**AIM OF THE TASK:**
Beginning with the line that has "WWE - Smackdown Live 07/10/2020" and ending with the line that has "Haglofs rugged trousers", retype the entries below exactly, except for the pictures.

**DATA SECTION:**
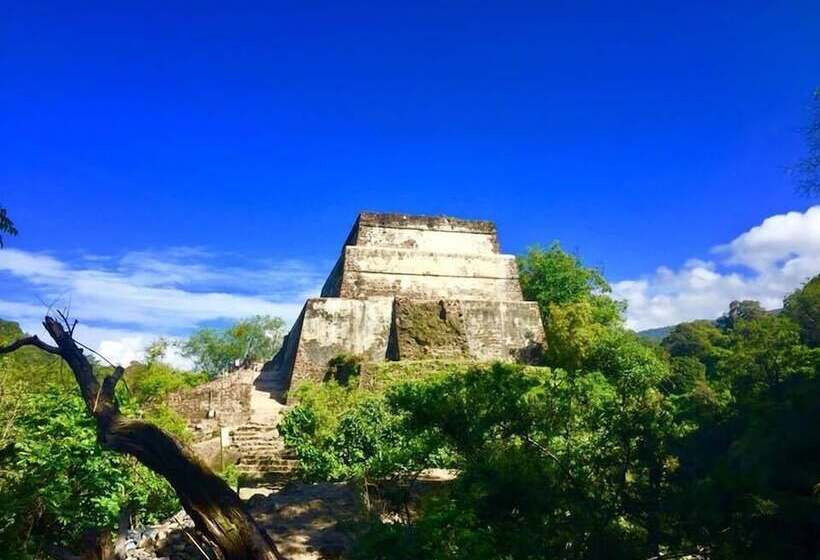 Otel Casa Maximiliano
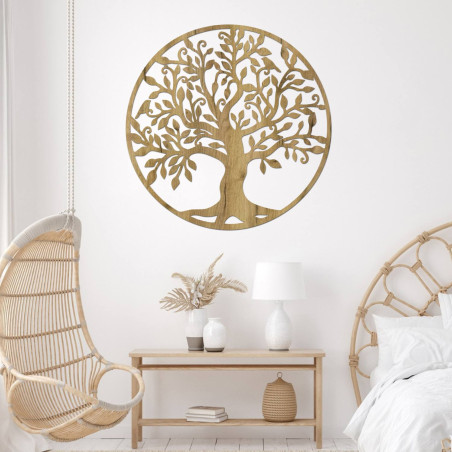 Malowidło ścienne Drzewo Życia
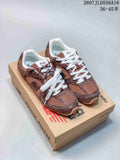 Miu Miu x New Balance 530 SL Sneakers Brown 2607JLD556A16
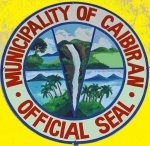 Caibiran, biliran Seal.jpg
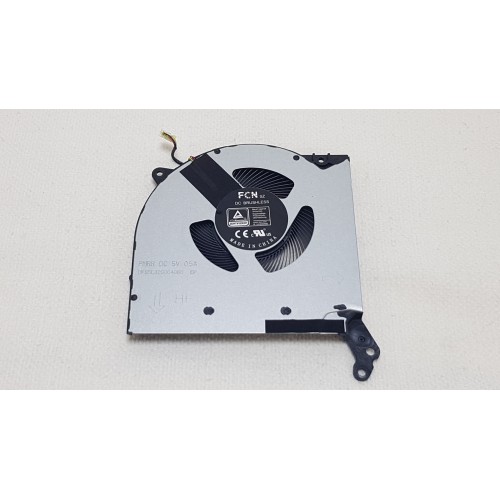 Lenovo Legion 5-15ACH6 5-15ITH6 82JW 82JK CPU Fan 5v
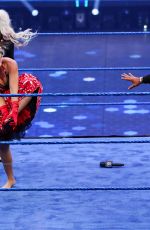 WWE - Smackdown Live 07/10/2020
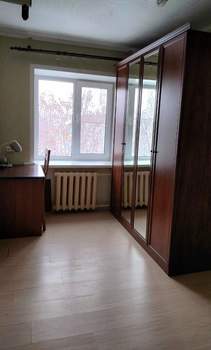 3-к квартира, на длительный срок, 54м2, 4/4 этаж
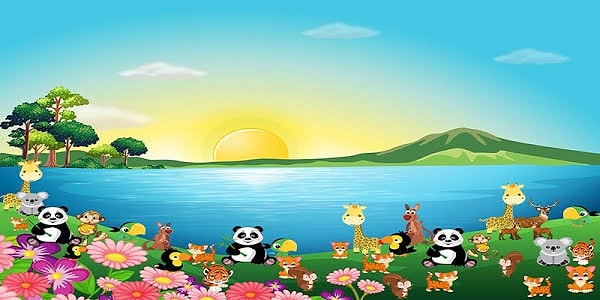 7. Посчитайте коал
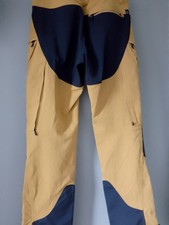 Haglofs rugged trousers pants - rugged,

--

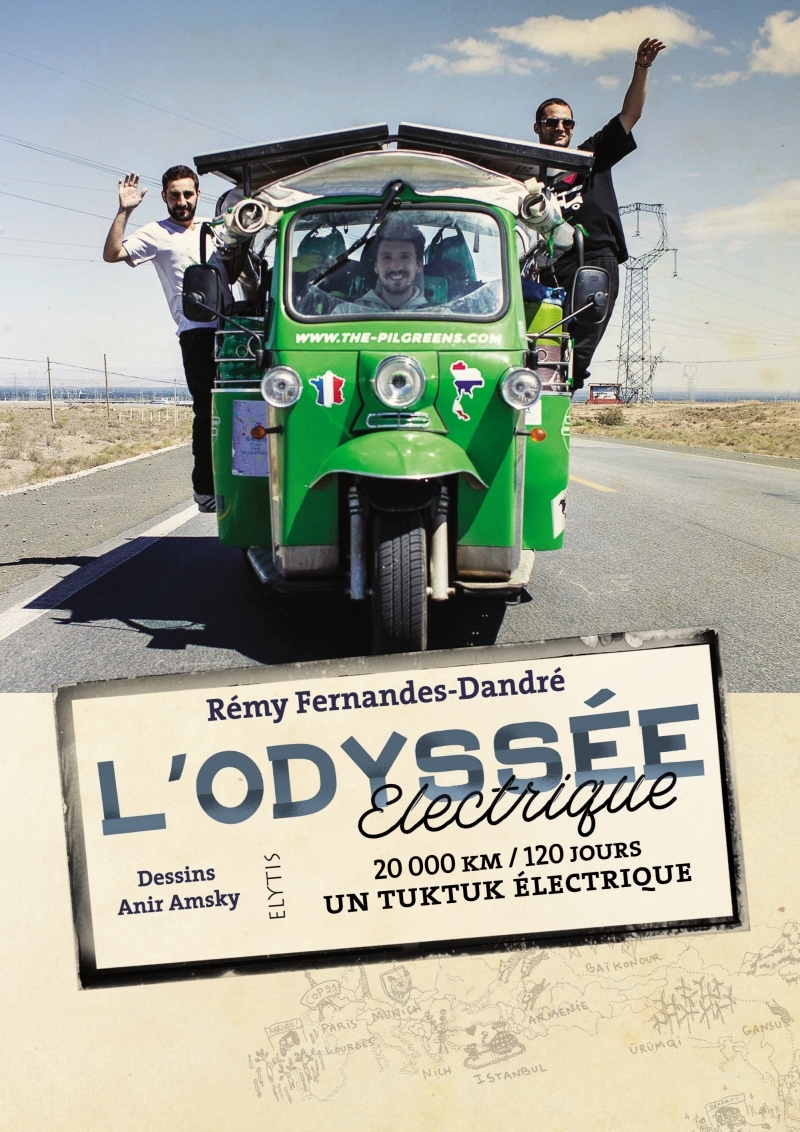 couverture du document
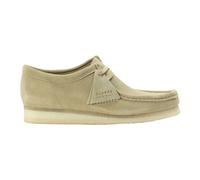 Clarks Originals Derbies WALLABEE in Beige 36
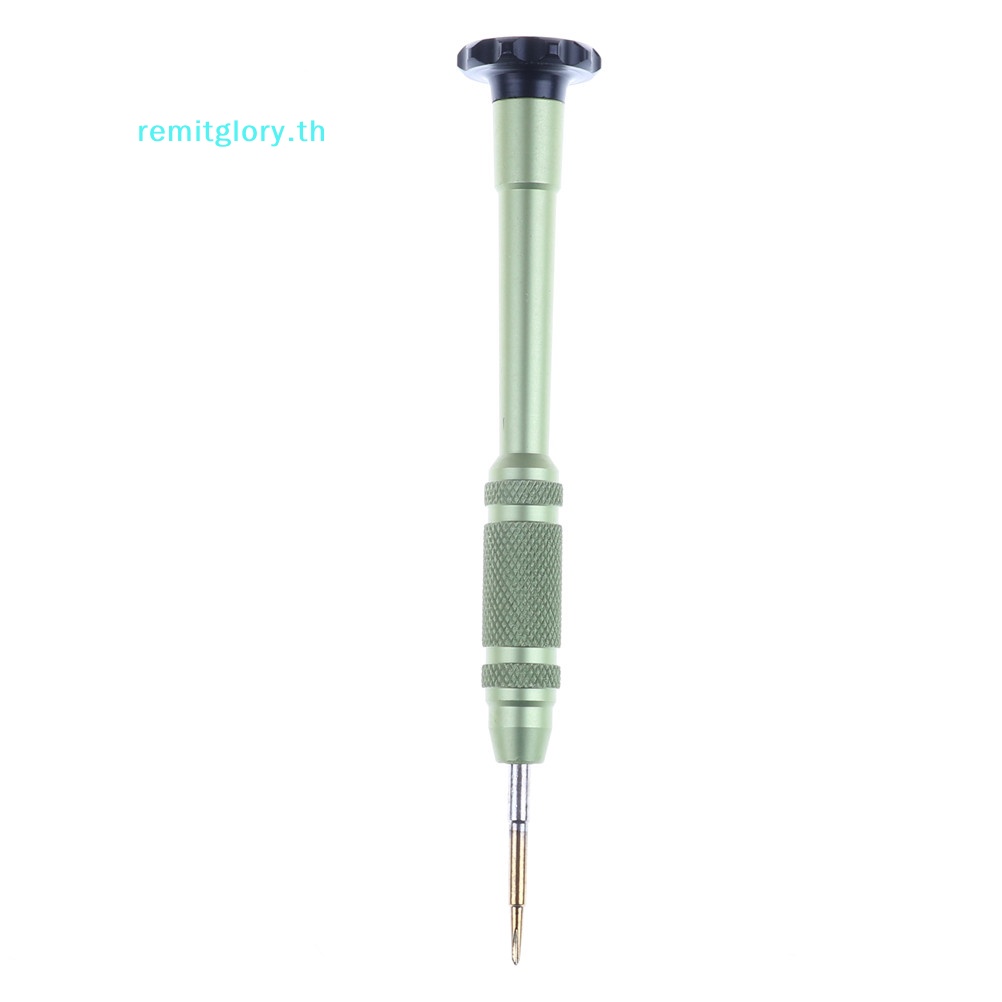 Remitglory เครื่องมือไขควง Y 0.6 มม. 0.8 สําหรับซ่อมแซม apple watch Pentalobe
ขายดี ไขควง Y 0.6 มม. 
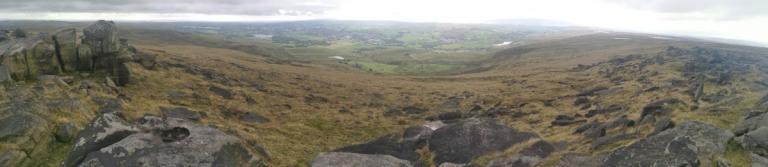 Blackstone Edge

**ANSWER FOR THIS EXERCISE:**
 WWE - Smackdown Live 07/10/2020
 3-к квартира, на длительный срок, 54м2, 4/4 этаж
 7. Посчитайте коал
 Haglofs rugged trousers pants - rugged,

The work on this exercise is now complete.